Posterior reversible encephalopathy syndrome (PRES) is a neurological ailment with specific radiological findings [1]. PRES is an aggregate of focal reversible vasogenic oedema in brain imaging along with neurological signs and symptoms of headache, seizures, encephalopathy and visual disturbances. The radiographic lesions in PRES commonly involve the posterior parieto-occipital white matter bilaterally, however might also extend to the cortex, frontal lobes, basal ganglia and brain stem [2]. Here, we are presenting two patients who developed PRES after delivery.

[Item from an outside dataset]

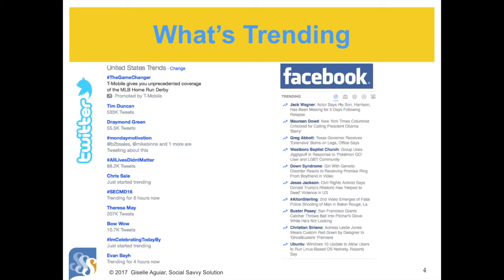Sometimes trending topics give you an opportunity and you can ride on a trend's coattails. However, always check to see why something is trending to make sure it's not tied to some crisis. There are certain hashtags that trend each week, like Motivation Monday, Travel Tuesday, Wednesday Wisdom, Flashback Friday, Throwback Thursday, and so on.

The first patient, a 20-year-old woman who underwent a caesarean section under spinal anaesthesia complained of a headache immediately after surgery and experienced a generalised tonic-clonic seizure 4 hours later. Vitals remained stable. Supplemental oxygen, midazolam, magnesium sulphate, levetiracetam, mannitol, furosemide, and steroids were used to treat the patient. The results of a brain MRI showed subcortical vasogenic edoema suggestive with PRES and bilaterally symmetrical areas of altered signal intensity in the fronto-parieto-occipital and right basal ganglia. Within 4 days, the patient had improved (Figure 1 and Figure 2).

Another patient with a history of postpartum generalised tonic-clonic seizures was admitted to the emergency department. Patient was unconscious, with a pulse rate of 105 beats per minute, a blood pressure of 190/110 mmHg, and a GCS of 7/15. There was no prior history of pregnancy-related hypertension or epilepsy. The patient was managed with magnesium sulphate, levetiracetam, mannitol, furosemide, steroids and was started on nitroglycerin infusion for 24 hours while still on ventilator support. Thereafter, labetalol infusion was administered. The NCCT brain revealed bilateral parieto-occipital cortical and subcortical regions with symmetrical hypodense areas, which is suggestive of PRES. Patient spent 10 days in ICU without any incidence of seizures before being transferred to the ward (Figure 3).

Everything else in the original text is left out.